Peer review is often highlighted as a cornerstone of good scientific practice, at least in engineering and the natural sciences. The logic behind peer review is that peers (i.e. other researchers knowledgeable in your research field) review your manuscript to make sure the research is valid, interesting, cites related work, etc.
However, what if reviewers do not really qualify as your peers? Then this validation process isn’t really something that can be called peer review, is it?
I have been submitting and reviewing research papers for the major human-computer interaction (HCI) conferences for six years now, this year as an associate chair (AC) for CHI 2010. I have to say our peer review process leaves something to be desired. A typical outcome is that 1-2 reviewers are actually experts (peers!) and the remaining 2-3 reviewers have never worked in the submission’s particular research area at all. Sometimes the ignorance is so glaringly obvious it is disheartening. For example, my note at CHI 2009 had two reviewers who rated themselves “expert” and “knowledgeable” respectively that argued for rejection because my study “was stating what was already known” [paraphrased]. However, the truth is that the result in this study contradicted what was generally believed in the literature, something I made clear in the rebuttal. In the end, the paper was accepted but it is hard for me to argue that my paper was “peer reviewed”. In this case only one reviewer knew what he or she was talking about and the rest (including the primary and secondary AC) clearly had no research expertise in the area.
In order to have a paper accepted at CHI I have found that above everything else you need to ensure you educate non-peers about your research area. You can safely assume several of the reviewers do not know your research area very well at all (sometimes they even rate themselves as having no knowledge in the area). This is a problem because it means that many good papers get rejected for superficial reasons. It also means that many bad papers end up being accepted. The latter tends to happen for well-written “visually beautiful” papers that either show nothing new or are methodologically invalid. If you are not an expert, you probably won’t spot the subtle methodological flaws that invalidate a paper’s conclusions. Likewise, you won’t realize that the research has already been done much better in a previous paper the authors didn’t know about, or chose not to cite.
CHI tries to fix the issue of reviewer incompetency by having a second stage of the review process – the program committee meeting. However, this is even more flawed because the associate chairs at the committee meeting cannot possibly represent all research areas. As an example, in my committee I was the only one who was active in text entry research. Therefore my power to reject or accept a particular submission involving text entry was immense (even though I chose not to exercise this power much). In the committee meeting the primary and secondary AC are supposed to argue for rejection or acceptance of their assigned submissions. However, if your AC is not an expert he or she will most likely completely rely on the reviewers’ judgments – reviewers, who themselves are often non-experts. This means that the one and only expert-AC in the committee (if there is even one!) needs to speak up in order to save a good paper from being rejected because of AC/reviewer ignorance. Vice versa, bad papers end up being accepted unless someone speaks up at the committee meeting. There is also a third alternative. An AC who for whatever reason does not like a particular paper can kill it at will by raising superficial concerns. This is possible because most likely there is not enough expertise on a particular paper’s topic in the committee room to properly defend it from such attacks (and the authors have obviously no way to address concerns raised at this late stage of the reviewing process).
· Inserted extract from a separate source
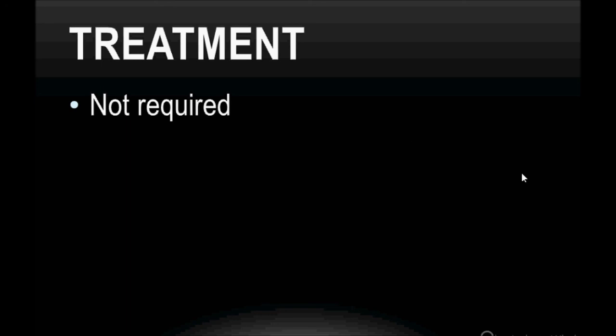Thank you so much for watching. I hope you liked it. Please subscribe, like, and comment. Thank you so much.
I think a useful self-assessment indicator would be to ask each reviewer (including the AC) to indicate how many of the references in the submission the reviewer has read before they started to review a particular paper. In many cases, I strongly suspect many honest reviewers would be forced to state they haven’t read a single reference in the reference list! Are such reviewers really peers? No!
This problem of non-expertise among reviewers is probably hard to solve. One huge problem is our insistence on viewing conference publications as the primary publication venue. It means the reviewing system is swamped at one particular point in time each year. As an AC I know how hard it is to find competent reviewers when all the well-qualified candidates you can think of are already busy reviewing other work. Publishing in journals with a rapid turnaround process would be an obvious way to spread the reviewing load over the entire year and therefore maximize the availability of expert reviewers at any given point in time. However, to my surprise, I find that this idea meets a lot of resistance so I am not optimistic this problem is going away anytime soon.